I hardly miss a single day when I don’t read the op ed writers in the Times and the Post. What does that mean? There’s no hope for me? I’ve become pretty much in their hands their creation, losing myself to their ideas. I wonder, do I ever have a thought, an idea of my own? I wonder that especially as more and more I post on my own blogs the writings of others, as the recent op ed of Roger Cohen that I post in part below, another must read for Democrats.
But what I ask is the big deal? Aren’t we all more or less dependent of those who come before us, on those who have done better the things we would like to have done ourselves. In my own case the ideas I have probably without exception come from the writers and scientists I read. No less than the music from the musicians I know and listen to and love.
Anyway these idle thoughts came to me today as I was reading Roger Cohen’s latest op ed piece in the Times, The Who-Can-Beat Trump Test Leads to Kamala Harris. He speaks for me. I agree with pretty much everything he says, most importantly that Kamala is our best hope of defeating Trump in 2020, and that Joe Biden, currently leading the pack, while clearly “a good and honorable man of great personal courage, no longer has the needed energy, mental agility and nimbleness to defeat Trump.”
The Who-Can-Beat Trump Test Leads to Kamala Harris
Roger Cohen, NYTimes, August 2, 2019
Nations, like people, may change somewhat, but not in their essential characteristics. The United States is defined by space and hope. It is an optimistic country of can-do strivers. They took the risk of coming to a new land. They are suspicious of government, inclined to self-reliance. Europeans ask where you came from. Americans ask what you can do.
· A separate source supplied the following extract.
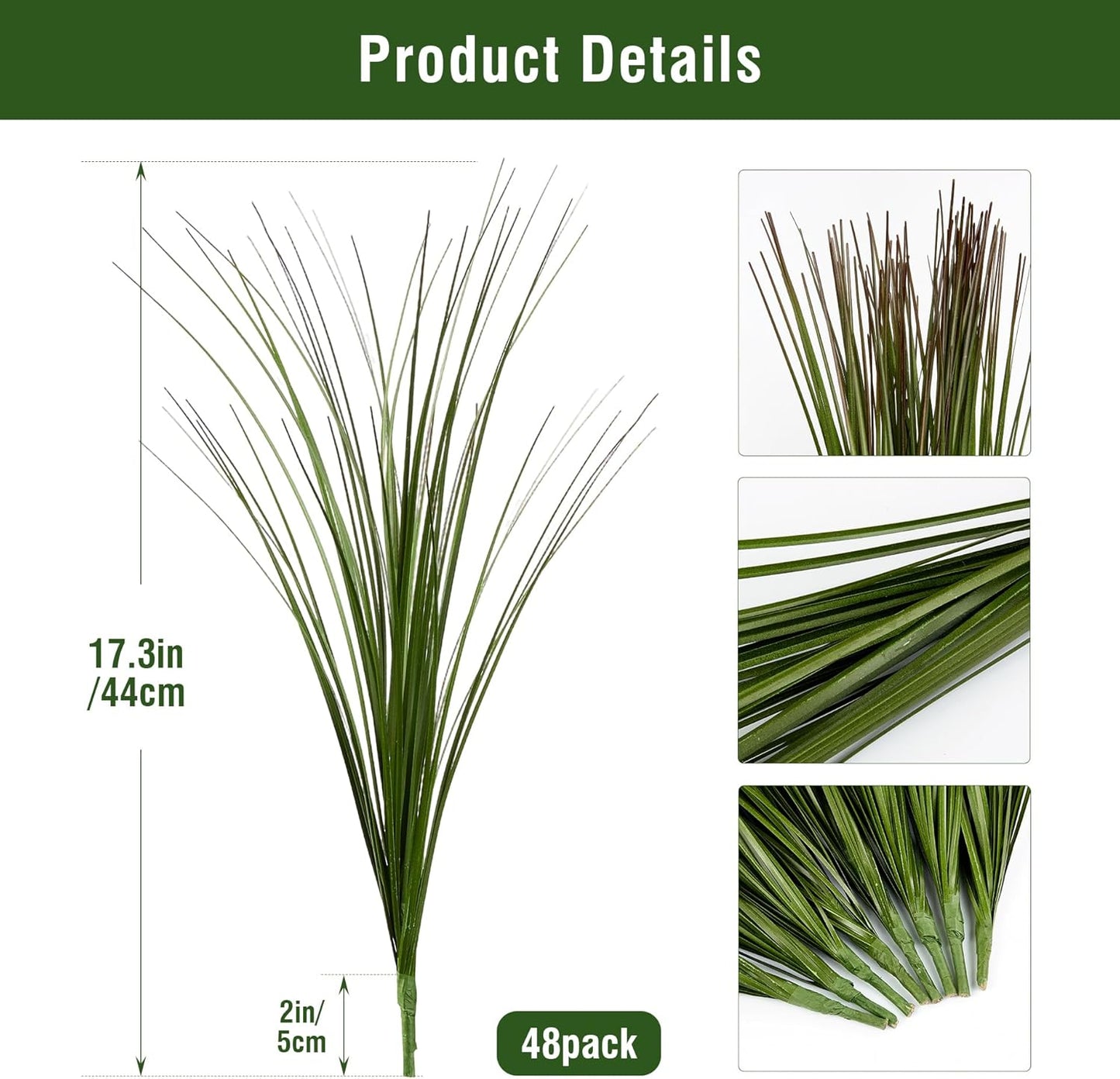 48PCS 17.3" Fake Plants Artificial Wheat Grass Greenery Plastic Plants Fake Grass Artificial Plants for Outdoor Decor Artificial Grass Plant with Greenery Stems for Indoor Home Decoration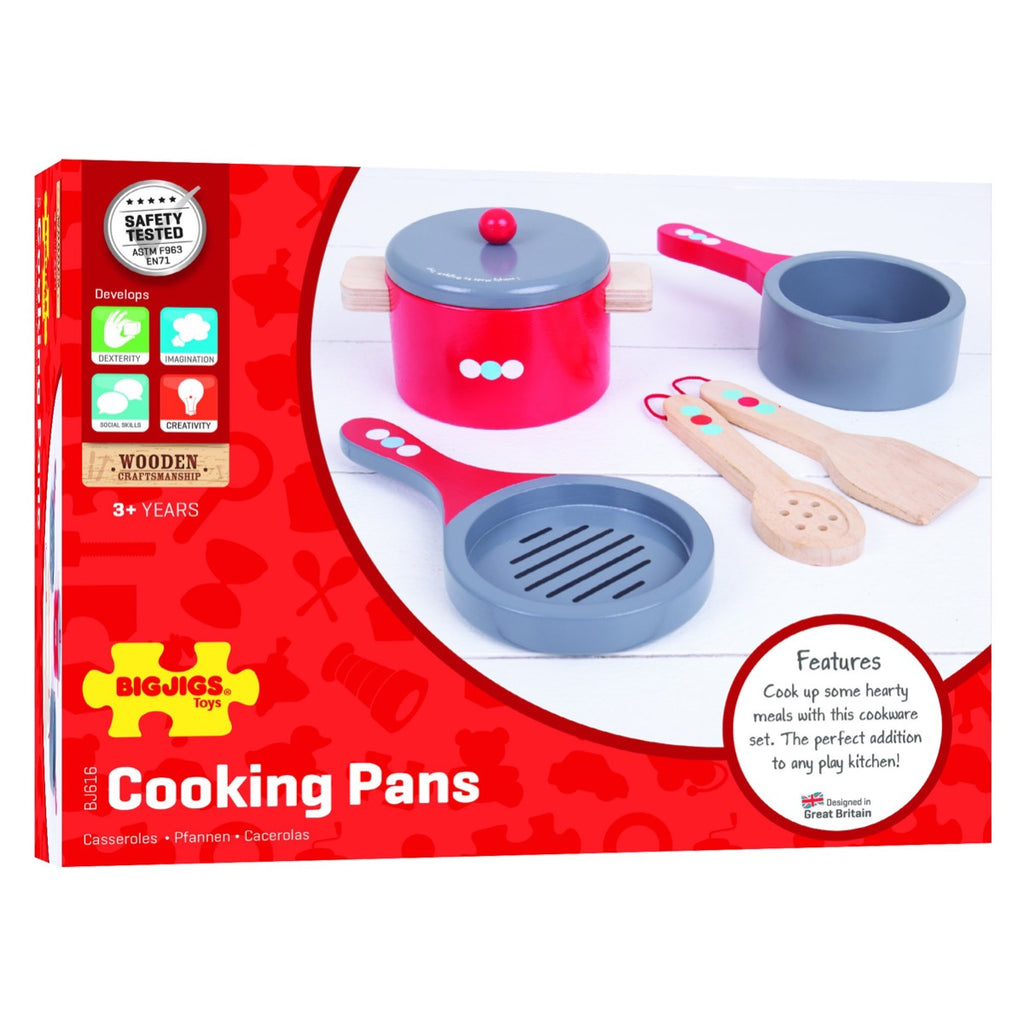 Bigjigs Wooden Cooking Pans | Boxed View | Chocoloons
The Declaration of Independence posited a universal idea, that human beings are created equal, that they are endowed with certain inalienable rights, and that among these are “life, liberty and the pursuit of happiness.” Americans, then, embraced an idea, however flawed in execution, when they became a nation. Their government, whatever else it does, exists to safeguard and further that idea, in the United States and beyond.
President Trump, in the name of making American great again, has trampled on America’s essence. He is angry, a stranger to happiness, angrier still for not knowing the source of his rage. He is less interested in liberty than the cash of his autocratic cronies. As for life, he views it as a selective right, to which the white Christian male has priority access, with women, people of color and the rest of humanity trailing along behind for scraps….
The gravest thing Trump has done is to empty this idea of meaning. His has been an assault on honesty, decency, dignity, tolerance and civility. … Any victorious Democratic Party candidate in 2020 has to counter that negative energy with a positive energy that lifts Americans from Trump’s web.
I watched the Democratic Party debates among presidential contenders through a single prism: Who can beat Trump? In the end, nothing else matters because another five and a half years of this will drag Americans into an abyss of moral collapse….
Kamala Harris does that for me. The California senator is a work in progress, with uneven debate performances, and policies, notably health care, that she has zigzagged toward defining. But she’s tough, broadly of the center, has a great American story, is passionate on issues including immigrants, African-Americans and women, and has proved she is not averse to risk. She has a former prosecutor’s toughness and the ability to slice through Trump’s self-important bluster…
Last month Harris said Trump was a “predator.” She continued: “The thing about predators you should know, is that they prey on the vulnerable. They prey on those who they do not believe are strong. And the thing you must importantly know, predators are cowards.”